Work order: Return the data below exactly, but only from the line containing "Квартира 1+1 с" through the line containing "Rare médaille presse d'occasion Rare", with both of those lines included.

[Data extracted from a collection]
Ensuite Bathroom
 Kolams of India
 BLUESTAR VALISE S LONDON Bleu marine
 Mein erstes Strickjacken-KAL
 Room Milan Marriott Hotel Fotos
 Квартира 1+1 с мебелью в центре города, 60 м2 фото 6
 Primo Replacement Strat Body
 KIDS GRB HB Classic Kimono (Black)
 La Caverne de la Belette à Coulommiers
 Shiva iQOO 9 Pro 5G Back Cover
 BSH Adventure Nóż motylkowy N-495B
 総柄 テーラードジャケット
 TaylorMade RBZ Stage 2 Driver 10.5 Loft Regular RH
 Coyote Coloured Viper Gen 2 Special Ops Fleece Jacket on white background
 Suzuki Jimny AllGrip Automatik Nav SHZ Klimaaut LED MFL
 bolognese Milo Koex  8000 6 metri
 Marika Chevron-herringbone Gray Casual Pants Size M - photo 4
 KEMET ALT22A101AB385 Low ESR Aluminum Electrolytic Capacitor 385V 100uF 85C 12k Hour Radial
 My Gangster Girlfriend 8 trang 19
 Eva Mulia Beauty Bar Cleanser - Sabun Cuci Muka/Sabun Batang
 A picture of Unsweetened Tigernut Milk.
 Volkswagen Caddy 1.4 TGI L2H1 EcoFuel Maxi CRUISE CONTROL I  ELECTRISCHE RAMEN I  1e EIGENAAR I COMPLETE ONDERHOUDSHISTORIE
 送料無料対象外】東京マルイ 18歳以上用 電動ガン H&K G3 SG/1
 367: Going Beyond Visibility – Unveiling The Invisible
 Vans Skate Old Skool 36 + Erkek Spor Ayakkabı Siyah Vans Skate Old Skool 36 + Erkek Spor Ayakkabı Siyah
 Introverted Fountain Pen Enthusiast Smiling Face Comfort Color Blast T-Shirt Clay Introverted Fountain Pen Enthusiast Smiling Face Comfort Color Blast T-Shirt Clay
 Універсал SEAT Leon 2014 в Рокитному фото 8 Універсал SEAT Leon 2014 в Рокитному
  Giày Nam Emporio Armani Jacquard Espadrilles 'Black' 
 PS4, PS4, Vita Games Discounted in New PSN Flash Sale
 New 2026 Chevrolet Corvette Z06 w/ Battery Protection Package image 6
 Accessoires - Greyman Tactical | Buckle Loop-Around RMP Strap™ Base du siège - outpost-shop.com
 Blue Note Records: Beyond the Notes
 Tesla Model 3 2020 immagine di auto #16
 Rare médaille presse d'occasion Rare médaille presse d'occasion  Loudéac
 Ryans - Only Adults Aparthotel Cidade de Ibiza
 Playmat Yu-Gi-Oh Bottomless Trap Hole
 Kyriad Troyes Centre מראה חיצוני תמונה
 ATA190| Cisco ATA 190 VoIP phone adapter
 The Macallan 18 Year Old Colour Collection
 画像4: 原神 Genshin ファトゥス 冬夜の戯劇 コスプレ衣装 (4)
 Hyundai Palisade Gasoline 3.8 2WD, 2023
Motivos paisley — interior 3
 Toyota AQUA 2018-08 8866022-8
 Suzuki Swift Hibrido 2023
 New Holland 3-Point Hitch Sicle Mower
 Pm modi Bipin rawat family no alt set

Reply to the exercise:
 Квартира 1+1 с мебелью в центре города, 60 м2 фото 6
 Primo Replacement Strat Body
 KIDS GRB HB Classic Kimono (Black)
 La Caverne de la Belette à Coulommiers
 Shiva iQOO 9 Pro 5G Back Cover
 BSH Adventure Nóż motylkowy N-495B
 総柄 テーラードジャケット
 TaylorMade RBZ Stage 2 Driver 10.5 Loft Regular RH
 Coyote Coloured Viper Gen 2 Special Ops Fleece Jacket on white background
 Suzuki Jimny AllGrip Automatik Nav SHZ Klimaaut LED MFL
 bolognese Milo Koex  8000 6 metri
 Marika Chevron-herringbone Gray Casual Pants Size M - photo 4
 KEMET ALT22A101AB385 Low ESR Aluminum Electrolytic Capacitor 385V 100uF 85C 12k Hour Radial
 My Gangster Girlfriend 8 trang 19
 Eva Mulia Beauty Bar Cleanser - Sabun Cuci Muka/Sabun Batang
 A picture of Unsweetened Tigernut Milk.
 Volkswagen Caddy 1.4 TGI L2H1 EcoFuel Maxi CRUISE CONTROL I  ELECTRISCHE RAMEN I  1e EIGENAAR I COMPLETE ONDERHOUDSHISTORIE
 送料無料対象外】東京マルイ 18歳以上用 電動ガン H&K G3 SG/1
 367: Going Beyond Visibility – Unveiling The Invisible
 Vans Skate Old Skool 36 + Erkek Spor Ayakkabı Siyah Vans Skate Old Skool 36 + Erkek Spor Ayakkabı Siyah
 Introverted Fountain Pen Enthusiast Smiling Face Comfort Color Blast T-Shirt Clay Introverted Fountain Pen Enthusiast Smiling Face Comfort Color Blast T-Shirt Clay
 Універсал SEAT Leon 2014 в Рокитному фото 8 Універсал SEAT Leon 2014 в Рокитному
  Giày Nam Emporio Armani Jacquard Espadrilles 'Black' 
 PS4, PS4, Vita Games Discounted in New PSN Flash Sale
 New 2026 Chevrolet Corvette Z06 w/ Battery Protection Package image 6
 Accessoires - Greyman Tactical | Buckle Loop-Around RMP Strap™ Base du siège - outpost-shop.com
 Blue Note Records: Beyond the Notes
 Tesla Model 3 2020 immagine di auto #16
 Rare médaille presse d'occasion Rare médaille presse d'occasion  Loudéac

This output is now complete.